Black Friday, the day after Thanksgiving, has always been one of the busiest shopping days of the year in the states and often offers and price cuts have enticed British shoppers in the UK too. The day has always been significant to shoppers in the US as it marks the first day of Christmas shopping, running up to the 24th Dec - which is the busiest day.

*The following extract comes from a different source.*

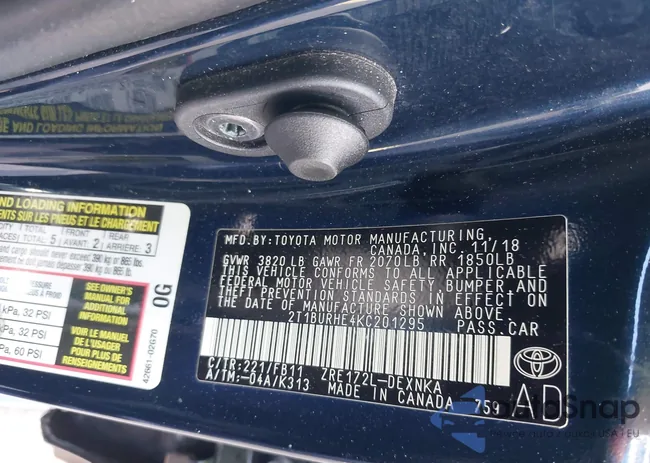 2T1BURHE4KC201295: 42549957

According to an article on AdWeek, Retail Historian Robert Spector believes that Black Friday is 'overrated' and is beginning to 'gray' as other buying incentives, such as Cyber Monday, are offered. '...Nobody paid attention to the "official" start of holiday shopping until 1939 when President Roosevelt, responding to the concerns of worried retailers, moved Thanksgiving up a week to add an extra seven days to what had been a 24-day season. The all-important Friday would not get its "Black" prefix until 1966 when (the story goes) the Philadelphia Police Department coined the term to describe the traffic jams downtown that resulted from people stampeding to the sales many stores were offering.... Because of the tight profit margins in retail, many brands historically operated in the red until holiday traffic brought the revenue surge necessary to switch to black ink in the old accounting ledgers.'
Retailers eagerly await the event this year which falls on the 25th November (Cyber Mon is 28th), anticipating a drop in sales, not helped by the new age of internet shopping.